Of course, when we all piled back onto the bus we realized what IES had done. They had let us run around and get all tired out and exhausted, just like you do with little kids! And to top it all off, on the way back to the ryokans we watched a movie! They kept us distracted with a movie! Pirates of the Caribbean (dubbed in Japanese, so extra hilarious), but still. How dare they.

When we got back we had an hour or so to kill before dinner, so we put on our yukata and hit up some onsen. In the area there are 9 different onsen we can visit for free, so we went to three or four of them. They turned out to be really tiny places that could barely fit all 7 of us that went, and the water was EXTREMELY hot and turned all of our skin lobster red, but it was still fun. We had a little bandanna thing that we could get stamped at each place, so we collected stamps for that too :)

Then dinnertime, and bed cause we were all really tired!

Friday, October 27th, 2006

Thursday was just so awesome, there was no way Friday could compete.
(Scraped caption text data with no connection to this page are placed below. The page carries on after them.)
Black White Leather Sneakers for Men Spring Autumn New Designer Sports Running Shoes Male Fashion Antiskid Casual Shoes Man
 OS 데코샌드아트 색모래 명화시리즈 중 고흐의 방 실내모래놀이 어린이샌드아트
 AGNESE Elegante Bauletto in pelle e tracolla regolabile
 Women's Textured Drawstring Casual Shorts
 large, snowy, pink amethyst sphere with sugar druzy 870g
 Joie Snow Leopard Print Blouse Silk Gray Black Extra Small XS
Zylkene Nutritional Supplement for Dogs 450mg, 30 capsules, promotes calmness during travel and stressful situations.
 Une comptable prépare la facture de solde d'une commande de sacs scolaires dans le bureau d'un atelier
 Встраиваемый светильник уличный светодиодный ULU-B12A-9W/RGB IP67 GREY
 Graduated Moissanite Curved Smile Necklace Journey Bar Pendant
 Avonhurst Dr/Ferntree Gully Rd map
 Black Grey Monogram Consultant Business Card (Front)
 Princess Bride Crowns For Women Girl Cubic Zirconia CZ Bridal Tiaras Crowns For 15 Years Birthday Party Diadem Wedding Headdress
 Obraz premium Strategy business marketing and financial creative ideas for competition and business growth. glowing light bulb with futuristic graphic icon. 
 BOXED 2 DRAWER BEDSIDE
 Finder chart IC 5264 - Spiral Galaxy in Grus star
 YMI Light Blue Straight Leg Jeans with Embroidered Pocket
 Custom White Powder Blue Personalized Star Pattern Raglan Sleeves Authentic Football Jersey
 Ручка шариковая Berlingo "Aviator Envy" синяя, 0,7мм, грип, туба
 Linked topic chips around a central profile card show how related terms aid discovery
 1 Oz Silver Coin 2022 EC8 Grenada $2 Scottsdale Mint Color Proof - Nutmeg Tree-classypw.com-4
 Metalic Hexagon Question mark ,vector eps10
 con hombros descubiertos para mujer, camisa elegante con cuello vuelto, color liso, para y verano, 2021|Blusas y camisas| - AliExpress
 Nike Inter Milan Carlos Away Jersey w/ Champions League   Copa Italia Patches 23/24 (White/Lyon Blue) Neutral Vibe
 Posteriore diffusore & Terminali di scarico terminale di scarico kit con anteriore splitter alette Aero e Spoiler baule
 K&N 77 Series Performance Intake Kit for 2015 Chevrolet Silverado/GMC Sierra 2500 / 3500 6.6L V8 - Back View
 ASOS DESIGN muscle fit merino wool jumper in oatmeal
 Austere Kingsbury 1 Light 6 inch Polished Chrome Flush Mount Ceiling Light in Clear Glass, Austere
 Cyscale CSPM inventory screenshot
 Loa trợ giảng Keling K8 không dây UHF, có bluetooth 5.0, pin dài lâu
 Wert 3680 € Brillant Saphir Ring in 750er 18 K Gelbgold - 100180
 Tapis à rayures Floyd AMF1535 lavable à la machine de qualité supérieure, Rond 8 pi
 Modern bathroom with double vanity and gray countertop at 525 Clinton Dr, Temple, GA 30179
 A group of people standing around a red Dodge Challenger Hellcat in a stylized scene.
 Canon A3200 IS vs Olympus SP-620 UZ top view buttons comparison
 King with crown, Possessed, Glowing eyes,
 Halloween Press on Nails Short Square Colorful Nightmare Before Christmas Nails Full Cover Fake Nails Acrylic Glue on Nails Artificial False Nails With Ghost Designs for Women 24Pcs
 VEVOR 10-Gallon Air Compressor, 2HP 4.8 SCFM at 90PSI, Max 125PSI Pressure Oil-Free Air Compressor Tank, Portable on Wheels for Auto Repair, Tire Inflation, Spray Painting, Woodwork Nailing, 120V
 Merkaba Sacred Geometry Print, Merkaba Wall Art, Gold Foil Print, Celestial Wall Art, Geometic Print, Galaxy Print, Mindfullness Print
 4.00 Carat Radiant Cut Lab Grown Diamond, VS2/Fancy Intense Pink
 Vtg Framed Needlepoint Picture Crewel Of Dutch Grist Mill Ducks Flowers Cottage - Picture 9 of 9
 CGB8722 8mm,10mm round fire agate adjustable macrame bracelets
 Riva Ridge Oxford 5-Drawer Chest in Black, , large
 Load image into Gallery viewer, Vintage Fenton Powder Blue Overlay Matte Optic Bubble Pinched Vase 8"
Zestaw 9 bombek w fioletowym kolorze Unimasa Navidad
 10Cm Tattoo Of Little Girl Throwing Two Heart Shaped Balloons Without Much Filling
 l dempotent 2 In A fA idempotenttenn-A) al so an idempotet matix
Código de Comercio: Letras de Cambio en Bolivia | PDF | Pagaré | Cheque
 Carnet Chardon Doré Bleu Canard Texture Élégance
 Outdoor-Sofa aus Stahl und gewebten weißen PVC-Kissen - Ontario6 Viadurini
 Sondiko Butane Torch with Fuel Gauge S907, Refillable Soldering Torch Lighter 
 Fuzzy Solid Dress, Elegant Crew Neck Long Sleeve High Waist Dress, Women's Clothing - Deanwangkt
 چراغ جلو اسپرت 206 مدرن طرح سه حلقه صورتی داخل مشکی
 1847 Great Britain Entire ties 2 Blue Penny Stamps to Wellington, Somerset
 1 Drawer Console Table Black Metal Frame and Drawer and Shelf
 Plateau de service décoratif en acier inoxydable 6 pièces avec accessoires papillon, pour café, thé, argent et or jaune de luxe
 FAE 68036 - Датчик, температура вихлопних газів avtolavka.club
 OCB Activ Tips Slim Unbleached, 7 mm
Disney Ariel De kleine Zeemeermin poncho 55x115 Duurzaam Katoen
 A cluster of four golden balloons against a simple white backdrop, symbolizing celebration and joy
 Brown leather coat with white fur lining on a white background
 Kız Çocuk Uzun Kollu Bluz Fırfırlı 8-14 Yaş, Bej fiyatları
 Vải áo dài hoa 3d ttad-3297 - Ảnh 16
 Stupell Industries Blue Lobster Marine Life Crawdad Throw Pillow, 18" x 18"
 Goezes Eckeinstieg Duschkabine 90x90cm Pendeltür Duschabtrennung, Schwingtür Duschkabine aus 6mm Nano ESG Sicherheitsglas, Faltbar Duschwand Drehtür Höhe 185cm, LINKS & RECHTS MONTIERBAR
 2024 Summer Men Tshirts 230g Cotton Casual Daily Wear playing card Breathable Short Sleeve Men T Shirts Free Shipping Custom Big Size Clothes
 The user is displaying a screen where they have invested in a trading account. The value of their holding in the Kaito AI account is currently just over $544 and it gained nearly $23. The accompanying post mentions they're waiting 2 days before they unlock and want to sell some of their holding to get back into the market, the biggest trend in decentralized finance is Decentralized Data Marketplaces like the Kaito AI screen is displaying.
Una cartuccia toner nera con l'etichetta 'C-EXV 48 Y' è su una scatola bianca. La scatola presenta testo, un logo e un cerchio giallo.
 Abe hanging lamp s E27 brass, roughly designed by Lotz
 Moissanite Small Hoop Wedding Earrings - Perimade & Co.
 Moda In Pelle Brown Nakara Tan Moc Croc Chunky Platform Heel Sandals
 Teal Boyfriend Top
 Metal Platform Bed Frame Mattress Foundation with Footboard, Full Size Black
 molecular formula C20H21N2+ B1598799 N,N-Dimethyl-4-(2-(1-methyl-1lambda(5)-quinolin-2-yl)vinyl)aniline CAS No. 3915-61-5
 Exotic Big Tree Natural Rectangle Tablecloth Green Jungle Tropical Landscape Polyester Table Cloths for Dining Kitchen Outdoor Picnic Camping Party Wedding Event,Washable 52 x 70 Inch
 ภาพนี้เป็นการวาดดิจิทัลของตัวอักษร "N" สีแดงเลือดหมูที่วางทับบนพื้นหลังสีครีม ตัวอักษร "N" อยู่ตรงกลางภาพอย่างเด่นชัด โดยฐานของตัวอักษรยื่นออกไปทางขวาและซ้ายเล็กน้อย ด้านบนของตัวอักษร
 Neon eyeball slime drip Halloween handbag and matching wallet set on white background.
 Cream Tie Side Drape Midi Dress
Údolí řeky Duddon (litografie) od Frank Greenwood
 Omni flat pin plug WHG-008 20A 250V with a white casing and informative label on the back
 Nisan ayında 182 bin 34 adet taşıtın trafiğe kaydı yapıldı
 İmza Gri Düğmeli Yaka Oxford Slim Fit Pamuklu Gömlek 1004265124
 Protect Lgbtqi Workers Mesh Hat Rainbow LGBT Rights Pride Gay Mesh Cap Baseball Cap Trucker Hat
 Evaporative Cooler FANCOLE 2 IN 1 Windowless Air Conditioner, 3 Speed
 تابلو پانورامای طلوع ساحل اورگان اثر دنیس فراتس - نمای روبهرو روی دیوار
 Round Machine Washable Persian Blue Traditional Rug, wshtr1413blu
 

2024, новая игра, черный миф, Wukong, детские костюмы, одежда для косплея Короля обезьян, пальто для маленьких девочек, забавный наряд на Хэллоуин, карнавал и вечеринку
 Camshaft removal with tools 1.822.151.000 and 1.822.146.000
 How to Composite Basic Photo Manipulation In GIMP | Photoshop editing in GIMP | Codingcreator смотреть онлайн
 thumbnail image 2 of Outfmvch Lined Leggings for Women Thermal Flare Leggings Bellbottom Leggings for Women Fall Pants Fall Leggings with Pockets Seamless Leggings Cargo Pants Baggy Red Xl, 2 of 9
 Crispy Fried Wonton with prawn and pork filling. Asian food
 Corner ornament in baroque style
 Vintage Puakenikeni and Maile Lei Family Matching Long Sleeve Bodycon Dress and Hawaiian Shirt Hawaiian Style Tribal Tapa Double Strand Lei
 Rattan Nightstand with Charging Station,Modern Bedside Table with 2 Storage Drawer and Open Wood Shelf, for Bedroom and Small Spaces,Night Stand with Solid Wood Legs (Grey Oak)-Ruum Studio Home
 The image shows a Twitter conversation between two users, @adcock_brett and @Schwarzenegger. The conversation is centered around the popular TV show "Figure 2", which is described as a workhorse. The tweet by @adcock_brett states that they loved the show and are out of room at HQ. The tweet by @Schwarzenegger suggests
Sadly. So yeah, you know, the drill, get up, breakfast (though I had a pre-breakfast onsen shower, which was wonderful since it had been switched to the other side which is MUCH nicer and bigger and I had time to soak in the tub a little bit and it was sooooo nice and peaceful!), get in the bus and go! Our first stop was apple picking at an apple farm, which was pretty cool (if muddy) and I got like 4 apples. Then we just stood around eating them. I don't usually just eat apples plain, since the skin is pretty hard for me to eat, but I toughed it out and was rewarded with a lovely crisp apple taste. Fresh picked off the tree. Yummmm :)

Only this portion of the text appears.